In Ontario, the Employment Standards Act, which defines all of this (and a lot more) has a ton of exemptions. Here's the exemptions for "Information Technology Professionals":
Notice that we are exempt from "Hours of Work", "Daily Rest Periods" and "Overtime" to name a few. This means that, aside from your employment contract, there are no laws that protect your right to refuse unpaid (or paid) overtime.
I'm not sure if he realizes that refusal to work overtime can, in itself, be a reason to get fired, or if that consequence simply doesn't matter to him. Either way, saying that they shouldn't matter to any one else is incorrect.
Also, the entire health care angle is weird. Both Canada and UK have public health care, but both work a lot of overtime:
As a fellow Canadian, I have only one suggestion: get the fuck out of Canada. The market for programmers is piss poor, the selection of jobs anemic and mostly drudge-work monkeying. There are other geographies that offer much more interesting work, double-to-triple Canadian salaries, and a strong enough employment scene that nobody can hold much over your head, least of all fears of being on the street.
You sound like you're being bullied. Your employer is holding your basic survival over your head to get you to commit to unreasonable demands. I'd highly suggest turning this around.

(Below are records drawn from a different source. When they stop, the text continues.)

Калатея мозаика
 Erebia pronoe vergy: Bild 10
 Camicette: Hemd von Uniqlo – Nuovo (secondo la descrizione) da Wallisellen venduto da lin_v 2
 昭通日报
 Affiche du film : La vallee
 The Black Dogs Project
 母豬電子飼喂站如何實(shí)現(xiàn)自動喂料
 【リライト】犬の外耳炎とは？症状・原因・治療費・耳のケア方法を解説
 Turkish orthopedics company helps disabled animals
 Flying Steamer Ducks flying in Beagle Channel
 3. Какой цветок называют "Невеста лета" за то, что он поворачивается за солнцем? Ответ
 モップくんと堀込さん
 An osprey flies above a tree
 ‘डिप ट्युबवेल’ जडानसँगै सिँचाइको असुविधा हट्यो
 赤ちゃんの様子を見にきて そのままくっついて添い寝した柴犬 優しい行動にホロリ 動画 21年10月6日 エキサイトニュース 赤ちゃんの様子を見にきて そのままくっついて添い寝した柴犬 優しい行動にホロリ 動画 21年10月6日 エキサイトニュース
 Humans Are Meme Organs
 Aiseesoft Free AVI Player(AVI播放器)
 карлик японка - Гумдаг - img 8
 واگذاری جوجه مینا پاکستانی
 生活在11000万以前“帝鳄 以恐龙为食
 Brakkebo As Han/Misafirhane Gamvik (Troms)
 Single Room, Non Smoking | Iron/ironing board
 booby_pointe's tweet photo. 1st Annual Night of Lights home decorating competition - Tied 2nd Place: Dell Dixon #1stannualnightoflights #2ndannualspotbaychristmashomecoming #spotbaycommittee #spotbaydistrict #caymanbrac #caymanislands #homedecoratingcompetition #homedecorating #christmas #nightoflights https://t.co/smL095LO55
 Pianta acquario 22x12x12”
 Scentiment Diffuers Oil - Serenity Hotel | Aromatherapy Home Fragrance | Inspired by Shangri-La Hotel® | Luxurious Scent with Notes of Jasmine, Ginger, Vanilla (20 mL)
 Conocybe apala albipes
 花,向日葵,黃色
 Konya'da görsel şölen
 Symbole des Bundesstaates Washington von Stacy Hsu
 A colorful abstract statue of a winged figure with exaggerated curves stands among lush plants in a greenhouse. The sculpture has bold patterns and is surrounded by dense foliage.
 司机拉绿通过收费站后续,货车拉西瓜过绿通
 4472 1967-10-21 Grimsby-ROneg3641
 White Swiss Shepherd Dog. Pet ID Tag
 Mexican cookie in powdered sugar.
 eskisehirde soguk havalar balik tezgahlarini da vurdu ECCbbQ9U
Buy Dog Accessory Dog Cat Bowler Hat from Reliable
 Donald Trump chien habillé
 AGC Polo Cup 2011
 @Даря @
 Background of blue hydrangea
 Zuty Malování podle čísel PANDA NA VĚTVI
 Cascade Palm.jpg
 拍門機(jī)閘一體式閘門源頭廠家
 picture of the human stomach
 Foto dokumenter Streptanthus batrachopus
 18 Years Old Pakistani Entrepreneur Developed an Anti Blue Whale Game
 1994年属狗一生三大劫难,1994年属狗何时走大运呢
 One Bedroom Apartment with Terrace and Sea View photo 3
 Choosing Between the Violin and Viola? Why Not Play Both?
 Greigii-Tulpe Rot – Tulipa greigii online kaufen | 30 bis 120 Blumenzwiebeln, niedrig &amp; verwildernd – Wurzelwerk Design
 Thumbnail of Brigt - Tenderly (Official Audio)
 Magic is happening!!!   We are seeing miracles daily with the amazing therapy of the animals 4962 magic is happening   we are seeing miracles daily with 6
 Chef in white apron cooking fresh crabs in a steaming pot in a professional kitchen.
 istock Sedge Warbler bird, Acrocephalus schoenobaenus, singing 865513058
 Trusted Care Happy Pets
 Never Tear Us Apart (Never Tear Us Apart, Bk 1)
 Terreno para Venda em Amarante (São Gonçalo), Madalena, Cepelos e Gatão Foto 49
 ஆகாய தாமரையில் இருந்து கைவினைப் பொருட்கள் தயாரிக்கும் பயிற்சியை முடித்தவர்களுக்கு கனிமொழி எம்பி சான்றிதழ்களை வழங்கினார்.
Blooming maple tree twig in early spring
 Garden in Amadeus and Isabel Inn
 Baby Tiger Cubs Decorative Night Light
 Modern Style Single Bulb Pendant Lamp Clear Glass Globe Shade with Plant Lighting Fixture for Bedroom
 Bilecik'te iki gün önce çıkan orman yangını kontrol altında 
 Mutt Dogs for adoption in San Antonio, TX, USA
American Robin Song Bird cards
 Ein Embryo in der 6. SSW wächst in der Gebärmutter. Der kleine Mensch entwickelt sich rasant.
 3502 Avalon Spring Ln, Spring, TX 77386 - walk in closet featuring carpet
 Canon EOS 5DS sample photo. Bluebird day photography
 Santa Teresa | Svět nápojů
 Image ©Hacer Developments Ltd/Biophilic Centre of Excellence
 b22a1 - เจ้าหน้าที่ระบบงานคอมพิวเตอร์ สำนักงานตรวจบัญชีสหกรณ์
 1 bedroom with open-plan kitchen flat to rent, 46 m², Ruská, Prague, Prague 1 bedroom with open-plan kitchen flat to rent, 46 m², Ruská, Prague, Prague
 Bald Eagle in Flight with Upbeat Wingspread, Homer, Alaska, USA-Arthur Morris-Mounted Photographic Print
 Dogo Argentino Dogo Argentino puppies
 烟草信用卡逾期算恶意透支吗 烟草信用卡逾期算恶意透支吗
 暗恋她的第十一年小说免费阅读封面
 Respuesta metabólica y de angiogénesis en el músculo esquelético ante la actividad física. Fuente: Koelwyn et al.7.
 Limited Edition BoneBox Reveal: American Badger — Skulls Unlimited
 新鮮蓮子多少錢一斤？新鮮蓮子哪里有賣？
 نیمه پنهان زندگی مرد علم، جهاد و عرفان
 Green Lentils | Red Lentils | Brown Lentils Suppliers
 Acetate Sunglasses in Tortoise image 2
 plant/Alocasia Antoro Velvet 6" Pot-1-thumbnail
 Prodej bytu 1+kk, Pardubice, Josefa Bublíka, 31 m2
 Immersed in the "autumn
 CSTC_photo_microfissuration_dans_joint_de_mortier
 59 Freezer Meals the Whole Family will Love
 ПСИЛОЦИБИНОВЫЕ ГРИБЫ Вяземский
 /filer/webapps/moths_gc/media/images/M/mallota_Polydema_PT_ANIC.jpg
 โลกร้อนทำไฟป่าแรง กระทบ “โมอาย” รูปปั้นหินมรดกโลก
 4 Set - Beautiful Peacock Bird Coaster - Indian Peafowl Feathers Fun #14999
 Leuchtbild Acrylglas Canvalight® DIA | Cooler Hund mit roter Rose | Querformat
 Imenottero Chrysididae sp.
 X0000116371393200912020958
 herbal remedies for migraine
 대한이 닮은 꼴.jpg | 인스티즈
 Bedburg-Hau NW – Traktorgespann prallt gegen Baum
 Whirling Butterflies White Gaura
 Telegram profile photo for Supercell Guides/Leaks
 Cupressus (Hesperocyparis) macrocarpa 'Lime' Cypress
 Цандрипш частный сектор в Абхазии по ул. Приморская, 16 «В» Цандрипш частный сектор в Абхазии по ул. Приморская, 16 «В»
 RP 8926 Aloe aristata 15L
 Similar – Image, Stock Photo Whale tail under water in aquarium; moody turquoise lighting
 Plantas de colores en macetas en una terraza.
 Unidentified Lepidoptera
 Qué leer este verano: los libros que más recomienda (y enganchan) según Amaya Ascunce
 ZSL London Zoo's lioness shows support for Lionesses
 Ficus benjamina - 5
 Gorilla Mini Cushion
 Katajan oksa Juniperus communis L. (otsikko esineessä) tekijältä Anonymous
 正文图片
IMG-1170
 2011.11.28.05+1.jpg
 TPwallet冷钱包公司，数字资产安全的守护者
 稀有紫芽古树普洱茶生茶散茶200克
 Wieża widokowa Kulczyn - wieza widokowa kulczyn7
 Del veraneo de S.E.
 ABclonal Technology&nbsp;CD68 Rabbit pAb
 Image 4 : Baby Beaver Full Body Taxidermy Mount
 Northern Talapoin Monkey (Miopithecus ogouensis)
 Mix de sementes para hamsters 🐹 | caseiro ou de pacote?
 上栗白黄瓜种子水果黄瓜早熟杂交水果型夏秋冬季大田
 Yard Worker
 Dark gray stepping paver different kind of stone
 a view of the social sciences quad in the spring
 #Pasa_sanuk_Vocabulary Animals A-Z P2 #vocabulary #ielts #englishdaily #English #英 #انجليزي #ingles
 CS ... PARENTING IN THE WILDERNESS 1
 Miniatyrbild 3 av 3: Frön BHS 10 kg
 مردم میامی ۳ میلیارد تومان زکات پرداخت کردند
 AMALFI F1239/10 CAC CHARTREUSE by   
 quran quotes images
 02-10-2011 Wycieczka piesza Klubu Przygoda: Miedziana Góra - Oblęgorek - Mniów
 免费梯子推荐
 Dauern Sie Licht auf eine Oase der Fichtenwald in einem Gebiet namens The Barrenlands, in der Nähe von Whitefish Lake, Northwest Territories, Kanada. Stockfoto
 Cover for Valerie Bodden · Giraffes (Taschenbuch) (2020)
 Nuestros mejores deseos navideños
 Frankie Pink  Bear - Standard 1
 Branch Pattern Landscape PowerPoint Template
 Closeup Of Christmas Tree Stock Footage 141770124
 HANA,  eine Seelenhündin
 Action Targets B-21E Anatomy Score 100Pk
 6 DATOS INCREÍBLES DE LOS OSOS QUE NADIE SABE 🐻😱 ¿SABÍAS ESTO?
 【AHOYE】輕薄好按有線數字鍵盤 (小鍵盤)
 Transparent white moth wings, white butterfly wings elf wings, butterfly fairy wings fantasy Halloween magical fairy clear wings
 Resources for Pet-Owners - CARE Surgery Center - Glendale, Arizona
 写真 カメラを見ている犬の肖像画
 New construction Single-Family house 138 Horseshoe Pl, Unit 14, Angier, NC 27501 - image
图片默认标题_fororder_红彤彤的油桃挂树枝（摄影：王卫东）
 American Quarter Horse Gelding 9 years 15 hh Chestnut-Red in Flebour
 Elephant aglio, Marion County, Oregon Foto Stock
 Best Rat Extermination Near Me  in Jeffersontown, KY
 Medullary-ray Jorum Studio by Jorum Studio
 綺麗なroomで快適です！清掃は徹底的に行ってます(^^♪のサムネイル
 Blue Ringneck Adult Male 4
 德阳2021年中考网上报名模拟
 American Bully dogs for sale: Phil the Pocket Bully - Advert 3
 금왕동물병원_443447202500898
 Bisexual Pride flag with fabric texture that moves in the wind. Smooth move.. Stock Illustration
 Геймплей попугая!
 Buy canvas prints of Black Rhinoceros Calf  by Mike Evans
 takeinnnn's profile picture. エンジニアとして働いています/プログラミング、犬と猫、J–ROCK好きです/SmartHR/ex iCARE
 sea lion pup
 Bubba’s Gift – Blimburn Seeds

None of this is about me. I just think the article really comes off quite sheltered..."I can do what I want and who cares if I get fired, so should you!"
I don't see that sentiment in the post.
There are two takeaways for me from the post:
1 - You have more chips to play with than you know, particularly in this industry. We're not fighting over factory line work here, we're people with a highly coveted skill set that is (at least for now) at incredibly high demand world-wide. Abusive employers would like for you to believe that you have no choice but to submit, but in reality people in our line of work have an almost comically absurd number of options right now. If you are programming and dealing with this, you probably don't actually have to, and your fears of getting fired and unable to find other work are likely unfounded.
"You're going to get fired if you don't submit to my unreasonable demands, and you're lucky to have a job at all!" is usually a scam. Triply, quadruply true for our field.
2 - If you do find yourself in a position where your freedom to say "fuck you" to an abusive employer is compromised (no other jobs in the area, collapsing industry, etc), you need to get yourself away from that kill-zone as quickly as humanly possible. If you need to retrain your skillset, do so. This is a problem that will never correct itself, and you can get out. If you have high expenses that limit your savings rate, and thus your unemployment runway, do something about it. Your employment mobility is the negotiation leverage in this line of work, and you should never do anything to compromise this (like, say, take out an unwisely large mortgage).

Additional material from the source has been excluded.